21.12.2006
Zentrum für Lehrerbildung jetzt auch offiziell eröffnet
„Ein guter Tag für Marburg“: Gut besuchter Festakt am vergangenen Freitag mit prominenten Gastrednern in der Alten Aula – Professionalisierung der Lehrerbildung und Vergrößerung der verfügbaren Ressourcen angestrebt – „Lehrerbildung muss in der Universität ankommen“
Mittels einer besseren Integration der fachwissenschaftlichen mit
den fachdidaktischen und erziehungswissenschaftlichen Inhalten im
Studium will das ZfL künftig dazu beitragen, dass die universitäre
Lehrerbildung modernen Qualitätsstandards schulischen Lehrens und
Lernens gerecht wird. Damit sollen die heterogenen Studienelemente
besser integriert und die Inhalte systematischer aufeinander bezogen
werden. Indem es die Kooperation zu den anderen Trägern der
Lehrerbildung pflegt, folgt das Zentrum zugleich einer Empfehlung der
Hochschulrektorenkonferenz vom 21. Februar dieses Jahres, in der es
heißt: „Eine kompetenzorientierte Lehrerbildung braucht eine
verlässliche Koordination jener Leistungen, die von den verschiedenen
Partnerinstitutionen in der Lehrerbildung zu erwarten sind.“
Feste Bleibe nach mehreren Provisorien
Dass diese Koordination nicht ganz einfach werden wird, machte Universitätspräsident Professor Dr. Volker Nienhaus in seinem Grußwort deutlich. Zunächst begrüßte er sehr, dass das ZfL „nach mehreren Provisorien“ nun eine feste Bleibe erhalte. Ziel des von der Landesregierung initiierten Zentrums seien mehr Ressourcen für die Lehrerbildung ebenso wie deren Professionalisierung und bessere Organisation, die finanzielle Unterstützung indessen liege um jährlich einige hunderttausend Euro unter dem Bedarf. Das Zentrum habe angesichts dieser prekären Situation auch eine Informations- und Lobbyaufgabe gegenüber der Politik und damit auch eine politische Funktion.Für Joachim Jacobi, Staatssekretär im Hessischen Kultusministerium, war der gestrige Donnerstag ein „guter Tag für Marburg und für die Gymnasiallehrerausbildung in Hessen“. Er betonte das Anliegen der Politik, dass den Zentren für Lehrerbildung ein höherer Stellenwert zukommen müsse und machte zugleich deutlich, dass der gesetzliche Rahmen gesetzt sei und man sich nun in diesem bewegen müsse.

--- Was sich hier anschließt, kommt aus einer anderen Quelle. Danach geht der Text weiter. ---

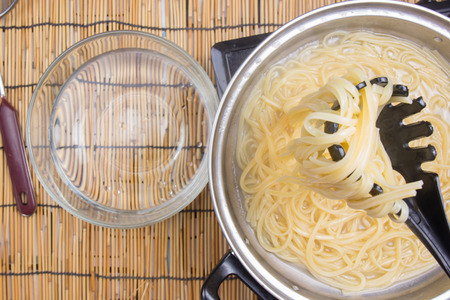 Spaghetti lifted on of cold water / cooking spicy spaghetti conceptの写真素材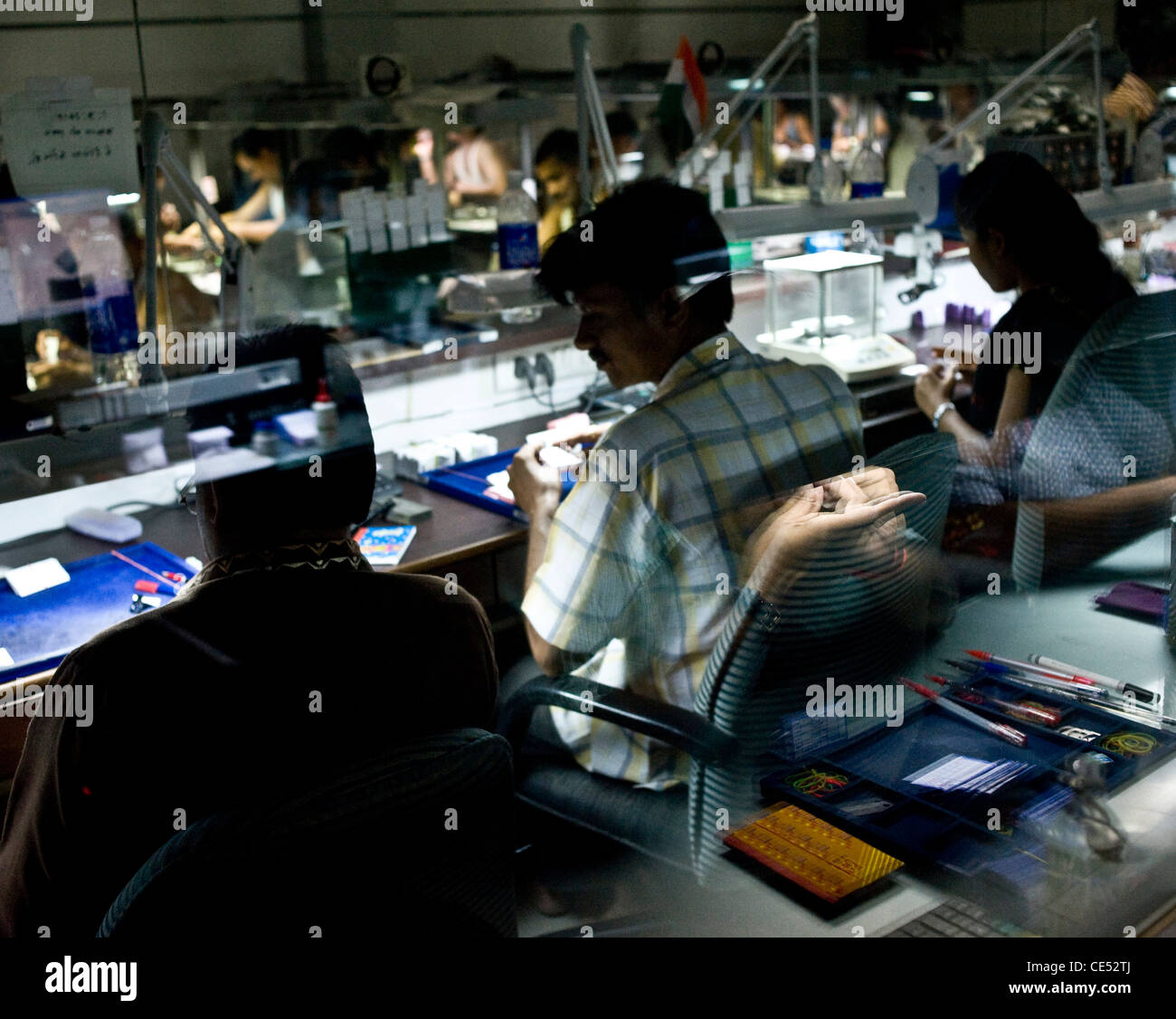 Supervisors inspect cut and polished diamonds a cutter/polisher is reflected in the glass. Stock Photo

Die Problematik aus Studierendensicht beleuchtete schließlich Stefan
Scholl vom Forum Lehramt, einer Gruppe Marburger Lehramtsstudierender.
Er wies darauf hin, dass nur die „seit langem“ geforderten finanziellen
und personellen Mittel dem ZfL zu der für seine Arbeit notwendigen
Autonomie verhelfen können. Darüber hinaus konstatierte Scholl, dass es
das Lehramt an der Universität noch sehr schwer habe: Insbesondere als
Lehramtsstudierender fühle man sich häufig als „fünftes Rad am Wagen“ –
es sei daher unter anderem dringend erforderlich, eine „Lehramtskultur“
und inneruniversitär ein „Lehrerbild“ zu entwickeln.
Erhebliche Koordinationsaufgaben im Lehramt zu bewältigen
Dieser Problematik war sich auch Professorin Dr. Heike Ackermann, geschäftsführende Direktorin des ZfL bewusst. In ihrer Rede, die sie mit „Liebe Studierende“ begann, machte sie deutlich, dass die Möglichkeit der „sozialisatorischen Wirksamkeit“ der Lehrerbildung von zahlreichen Faktoren abhänge. Dazu gehören die „Querstrukturen“ der Zentren für Lehrerbildung, die diesen eine Rolle „unabhängig von Rektoraten und getrennt von Fachbereichen“ geben. Insbesondere erwähnte Ackermann auch die Tatsache, dass im Jahr 2000 bundesweit zehn ZfL bestanden, es im Jahr 2006 aber schon siebenundvierzig seien. Die Zunahme verdanke sich dem Bewusstsein, dass die Koordinationsaufgaben im Lehramt „erhebliche“ sind.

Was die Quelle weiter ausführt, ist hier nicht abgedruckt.